I know that if i.e $6\in\mathfrak{a}\Rightarrow \mathfrak{a}\mid 6D$ and then $6D=Q^2PP$ and I can calculate the number of ideals with $6$ in it ($=3.2.2$ because $Q^2=2D$ and $PP'=3D$) but what must I do with $\theta$?
On
$$\mathbb{Z}[\theta]\simeq\mathbb Z[X]/(X^2-X+8)$$ and $\theta$ corresponds to $x$ (the residue class of $X$) by this isomorphism. The ideals of $\mathbb Z[X]/(X^2-X+8)$ which contain $1+x$ are exactly the ideals of $\mathbb Z[X]$ which contain $(1+X,X^2-X+8)$, that is, the ideals of the ring $\mathbb Z[X]/(1+X,X^2-X+8)$. But $$\mathbb Z[X]/(1+X,X^2-X+8)\simeq\mathbb Z/10\mathbb Z,$$ so there are exactly four such ideals: $\mathbb Z/10\mathbb Z$, $2\mathbb Z/10\mathbb Z$, $5\mathbb Z/10\mathbb Z$, and $10\mathbb Z/10\mathbb Z=(0)$. The first corresponds to $\mathbb{Z}[\theta]$, and the last to $(1+\theta)$. To $2\mathbb Z/10\mathbb Z$ corresponds $(2,1+\theta)$, while to $5\mathbb Z/10\mathbb Z$ corresponds $(5,1+\theta)$.

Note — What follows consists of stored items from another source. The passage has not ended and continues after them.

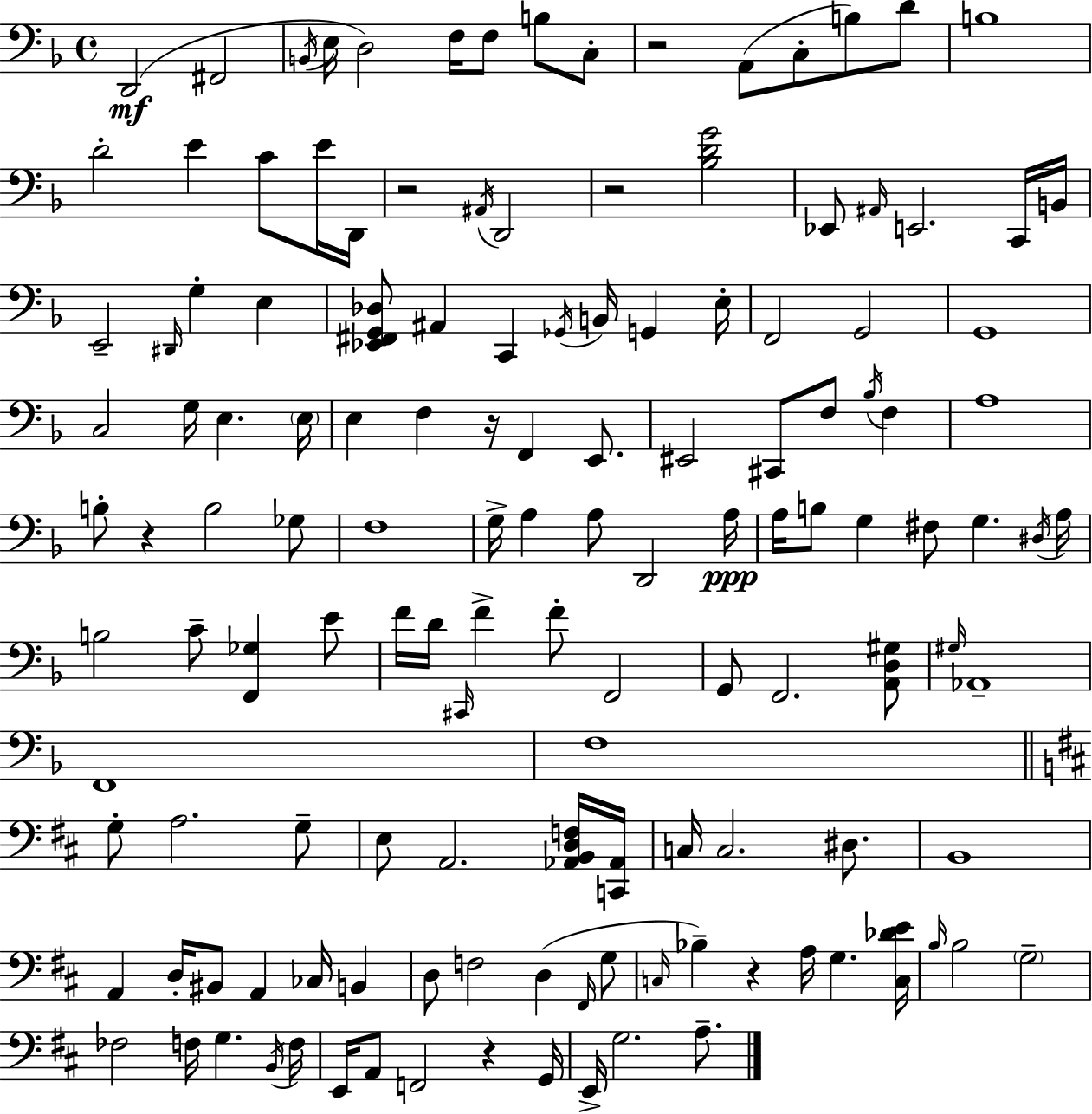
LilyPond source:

{
  \clef bass
  \time 4/4
  \defaultTimeSignature
  \key f \major
  d,2(\mf fis,2 | \acciaccatura { b,16 } e16 d2) f16 f8 b8 c8-. | r2 a,8( c8-. b8) d'8 | b1 | \break d'2-. e'4 c'8 e'16 | d,16 r2 \acciaccatura { ais,16 } d,2 | r2 <bes d' g'>2 | ees,8 \grace { ais,16 } e,2. | \break c,16 b,16 e,2-- \grace { dis,16 } g4-. | e4 <ees, fis, g, des>8 ais,4 c,4 \acciaccatura { ges,16 } b,16 | g,4 e16-. f,2 g,2 | g,1 | \break c2 g16 e4. | \parenthesize e16 e4 f4 r16 f,4 | e,8. eis,2 cis,8 f8 | \acciaccatura { bes16 } f4 a1 | \break b8-. r4 b2 | ges8 f1 | g16-> a4 a8 d,2 | a16\ppp a16 b8 g4 fis8 g4. | \break \acciaccatura { dis16 } a16 b2 c'8-- | <f, ges>4 e'8 f'16 d'16 \grace { cis,16 } f'4-> f'8-. | f,2 g,8 f,2. | <a, d gis>8 \grace { gis16 } aes,1-- | \break f,1 | f1 | \bar "||" \break \key d \major g8-. a2. g8-- | e8 a,2. <aes, b, d f>16 <c, aes,>16 | c16 c2. dis8. | b,1 | \break a,4 d16-. bis,8 a,4 ces16 b,4 | d8 f2 d4( \grace { fis,16 } g8 | \grace { c16 }) bes4-- r4 a16 g4. | <c des' e'>16 \grace { b16 } b2 \parenthesize g2-- | \break fes2 f16 g4. | \acciaccatura { b,16 } f16 e,16 a,8 f,2 r4 | g,16 e,16-> g2. | a8.-- \bar "|."
}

This is fairly straightforward. Asking which ideals contain $\theta+1$ is the same as asking which ideals divide the principal ideal $(1+\theta)$ by unique factorization.
Computing norms we see that $N(1+\theta)=10$, hence there is one ideal of norm $2$ and one ideal of norm $5$ containing $1+\theta$ and, in fact, $(1+\theta)=\mathfrak{p}\mathfrak{q}$ for distinct prime ideals $\mathfrak{p},\mathfrak{q}$ the former we will let be the prime over $2$ and the latter the prime over $5$. This tells you there are precisely $4$ such ideals, two being obvious, i.e. $\Bbb Z[\theta]$ and $(1+\theta)$. Since $\Bbb Z[\theta]$ is the entire integer ring, we know that we can write ideals based on their reductions modulo assorted $p$.

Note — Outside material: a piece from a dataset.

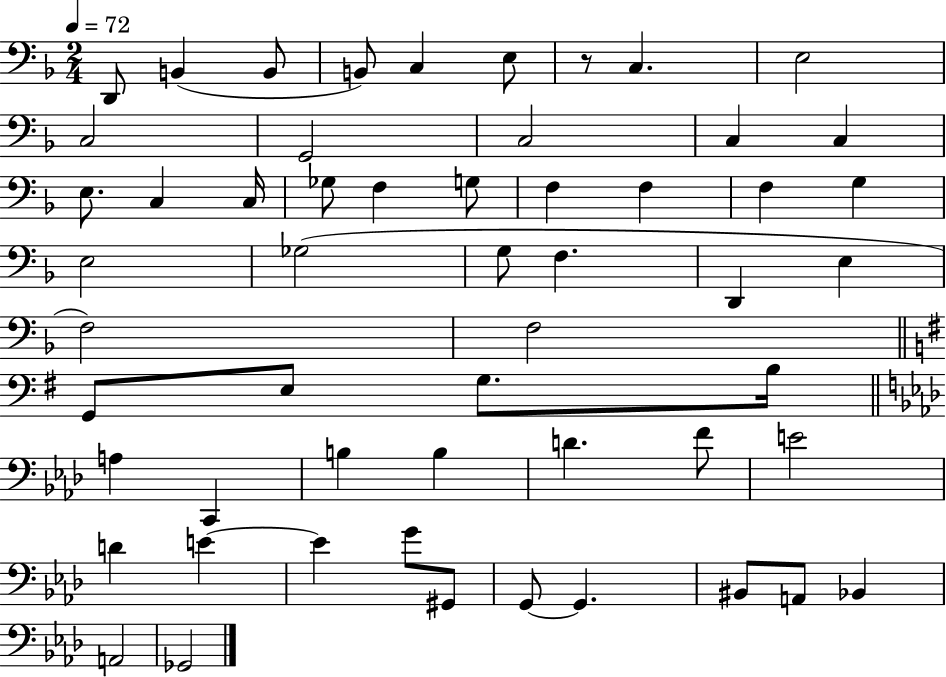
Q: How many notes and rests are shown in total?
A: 55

So we reduce $x^2-x+8$ (the minimal polynomial for $\theta$) modulo $2$ we get $x(x+1)$ so $(2)=(2, \theta)(2,\theta+1)$. Clearly these ideals are distinct, or else $1$ is in one of them, a contradiction. So the ideal we seek over $2$ is manifestly $(2,\theta+1)$. Again, since $\theta+1$ does not generate an ideal of norm $2$, it must be that both generators are necessary. For the ideal over $5$, we reduce $x^2-x+8$ modulo $5$ which gives the factorization $(x+1)(x+3)$, so the ideals over $5$ are $(5,\theta+1)$ and $(5,\theta+3)$, and again both generators in the first case are necessary.
We conclude a complete list is $\mathcal{O}_k, (1+\theta), (2,1+\theta), (5,1+\theta)$.